Crawled caption data:

-------------------------

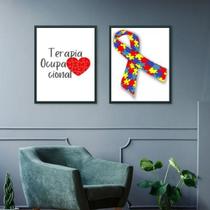 Kit 2 Quadros Terapia Ocupacional - Autismo 24X18Cm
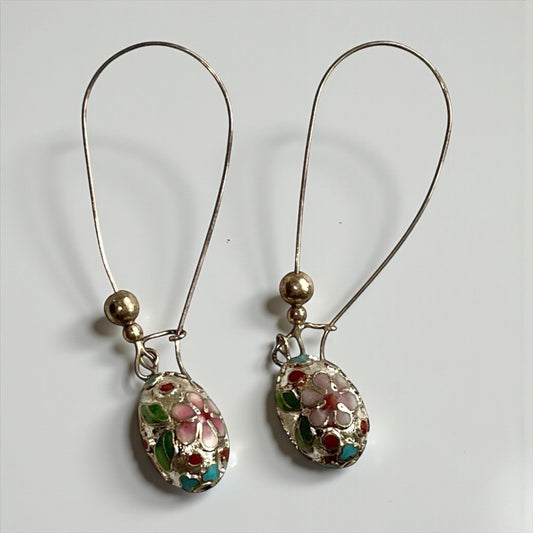 Vintage Cloisonné Floral Dangle Earrings, Enamel Oval Drop Jewelry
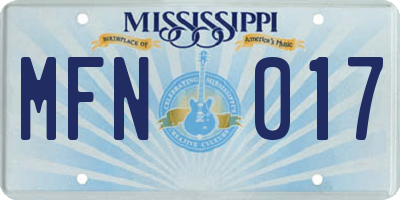 MS license plate MFN017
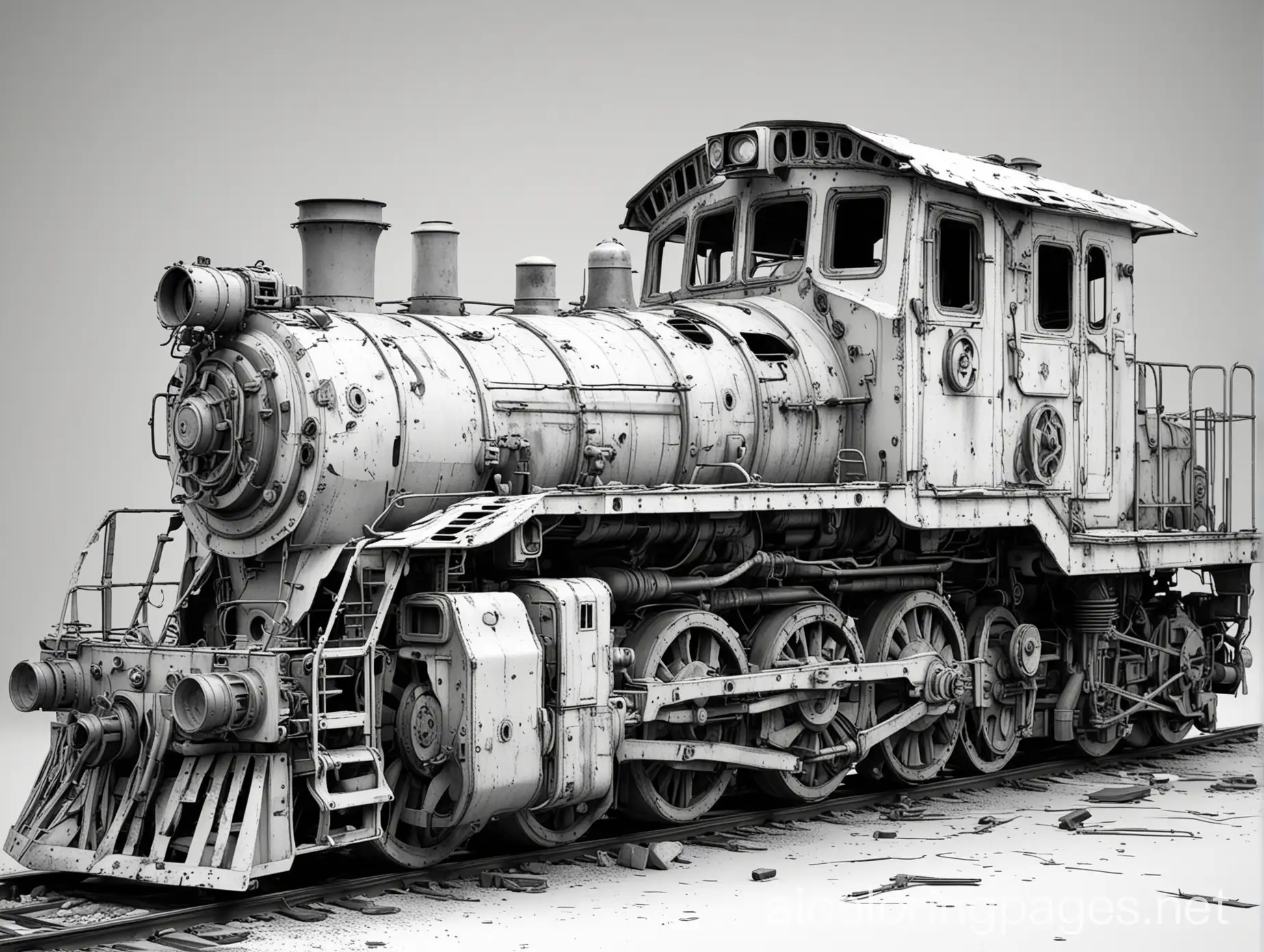 PostApocalyptic-Cyberpunk-Damaged-Locomotive-Coloring-Page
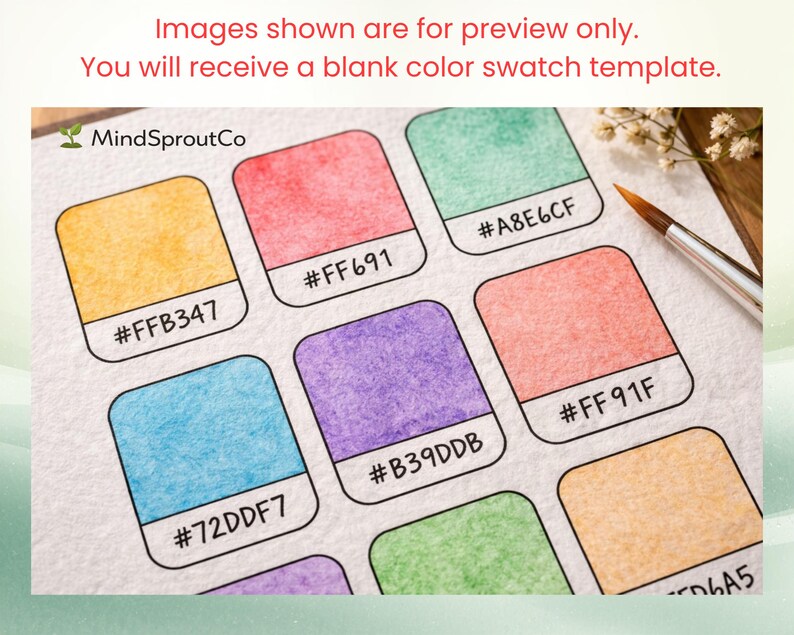 Color Swatch Chart Printable | X10 Marker, Watercolor, Paint Test Page ...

-------------------------

> _What is needed_
From the entries above, output every line exactly and omit any image.

> _Response to the task_
 Kit 2 Quadros Terapia Ocupacional - Autismo 24X18Cm
 Vintage Cloisonné Floral Dangle Earrings, Enamel Oval Drop Jewelry
 MS license plate MFN017
 PostApocalyptic-Cyberpunk-Damaged-Locomotive-Coloring-Page
 Color Swatch Chart Printable | X10 Marker, Watercolor, Paint Test Page ...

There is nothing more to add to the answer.